From the moment I put some chopped up veg and fruit on her high chair tray she was away. I just let her get on with it; she loved having control over what she ate. I should just mention I had previously tried ‘finger foods’ with her before but because I was always feeding her, I never really gave her the choice and control that she wanted or needed. So from that day on, Ava fed herself. She would have the same as we ate so I didn’t have to make special baby dinners. She learnt to use a spoon and fork very quickly. To this day she has one of the most varied diets I have seen for a 3 and ½ year old. Don’t get me wrong she still doesn’t eat huge amounts, but she is a petite girl and I trust that she knows her appetite better than me! But she will eat olives, raw veg of every variety, loves fruit especially all types of melon. The funny thing is she still will not eat something if it looks ‘pureed’ like a thick vegetable soup, I wonder whether she has been put of being fed that in those early days.
I now cringe when I see photos of Ava’s first foods, with her looking so tiny, propped up in a bouncy chair with baby rice or carrot puree all around her mouth where she had just spat it out. She was clearly not ready to be weaned now that I look back but as with a lot of things you just do what you think is best with the knowledge you have at the time.
When I had my second child in 2012 there was never a moment of doubt that I would be following baby led weaning again. This time around I had seen much less of Health Visitors but still when I had a routine visit for Alfie at around 3-4 months. There were the comments such as ‘he’s a boy he will need to be weaned earlier’ and ‘yes it says in the guidelines 6 months for weaning but it’s usually earlier’. She talked to me about the puree process even though I had clearly stated that we would be waiting until 6 months when he can feed himself. With her not listening to a word I was saying I gave up and instead went into a state of nod and smile (hopefully she will leave quicker!).
Alfie started picking food from my plate (and other people’s plates) at around 5 and a half months. He had no teeth so I was questioned a lot by people as to how he was going to cope with ‘normal’ food! But as I knew he would, he didn’t let having no teeth get in his way. At 6 months Alfie was eating a full range of food, variety of vegetables, fruits, meat, grains, you name it he tried it and loved it! He is now just turned 1 and I can’t name a food that he will not eat. Obviously there are things that he prefers but he will try everything.

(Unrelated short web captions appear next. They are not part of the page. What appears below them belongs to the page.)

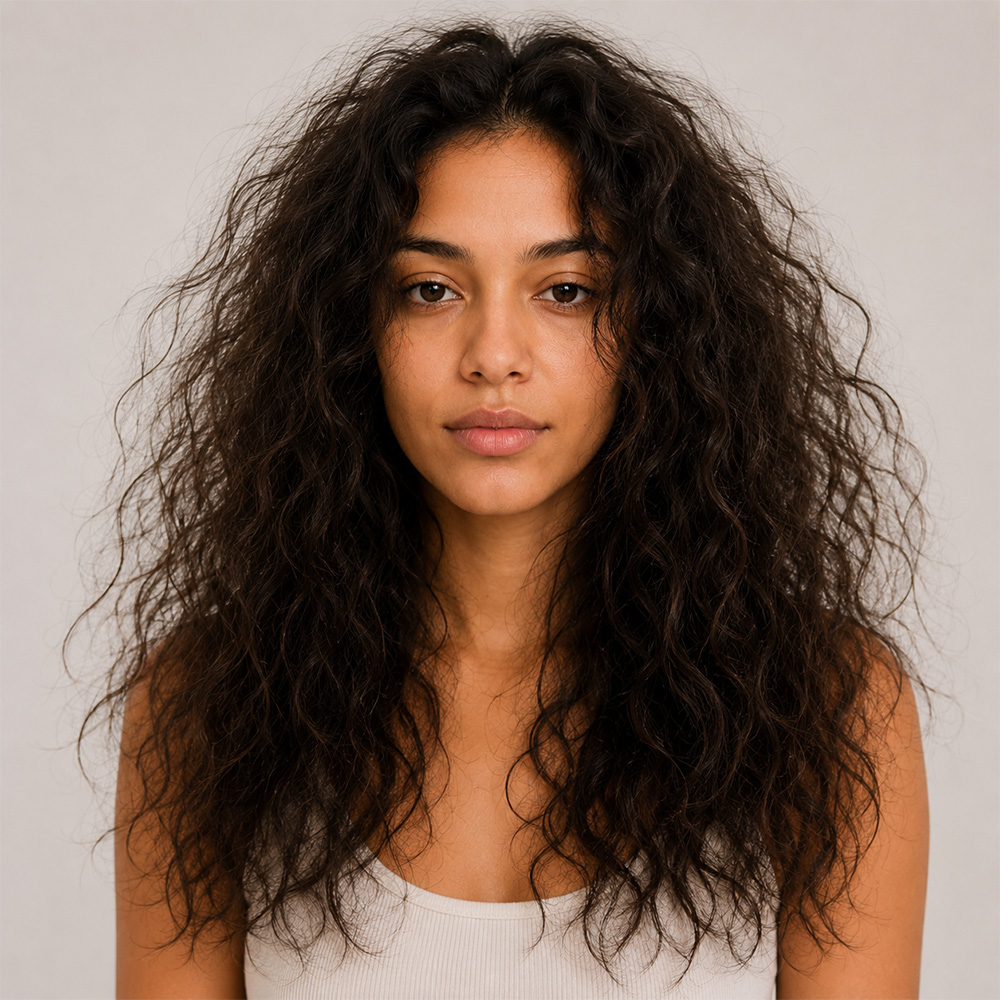 Before dry tangled curls
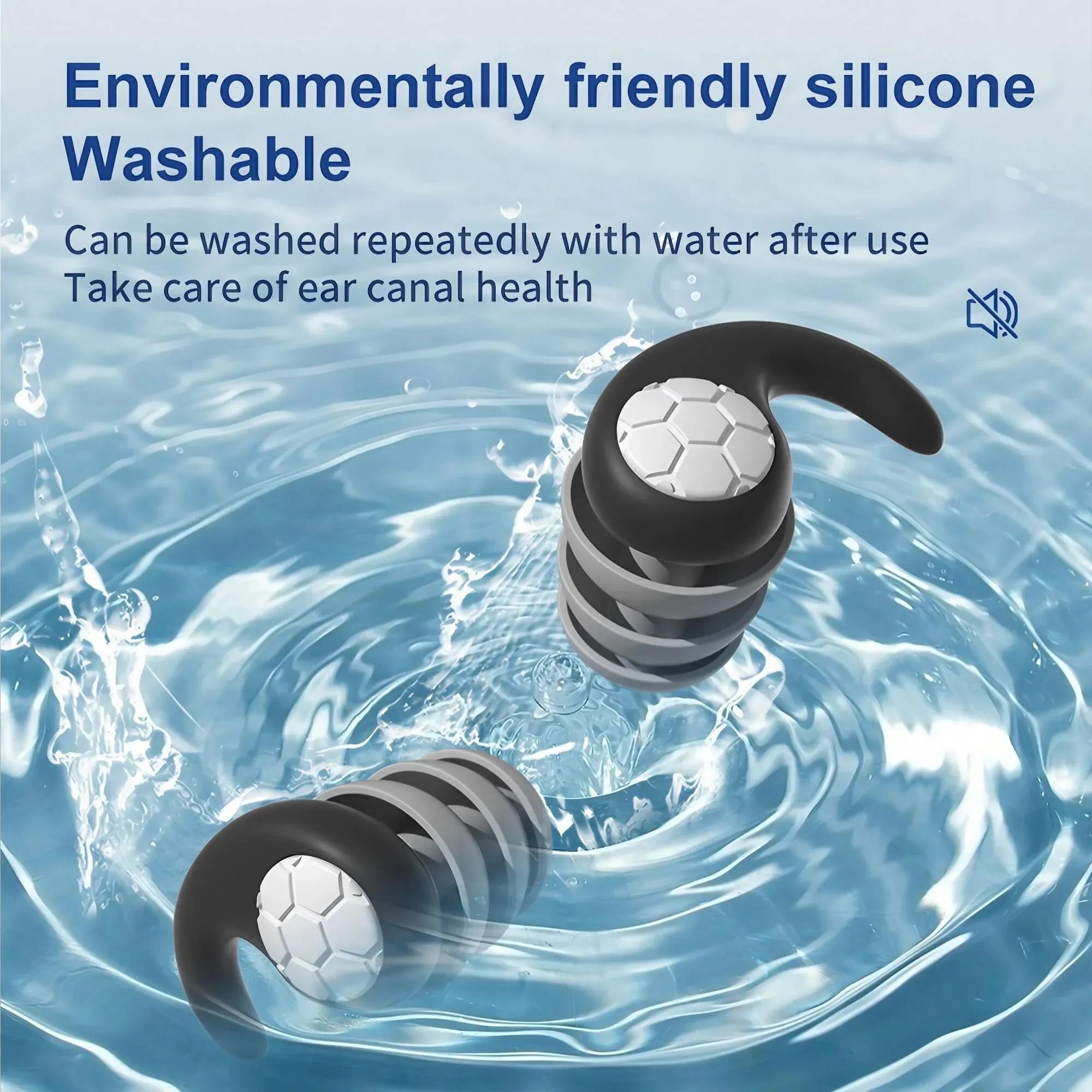 1Pair Sleeping Ear Plugs Noise Reduction Waterproof Earplug Soundproof Earplug Three-Layer Mute Filter for Ear Plug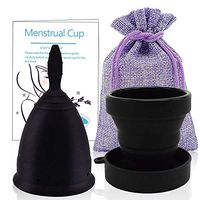 TIMKDLE Reusable & Comfortable Women's Silicone Menstrual Period Cup Set with Collapsible Silicone Foldable Sterilizing Cup (Large)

He can use a fork and a spoon now to feed himself, and he uses his fingers for dippers! I’m not sure whether there has been any research to look into whether Baby Led Weaning develops motor skills faster but he is a master with the pincher grip! This makes life tricky, with a 4 year old and her tiny little toys that she leaves lying around the floor.
P.S my children have never been subject to a choking incidence.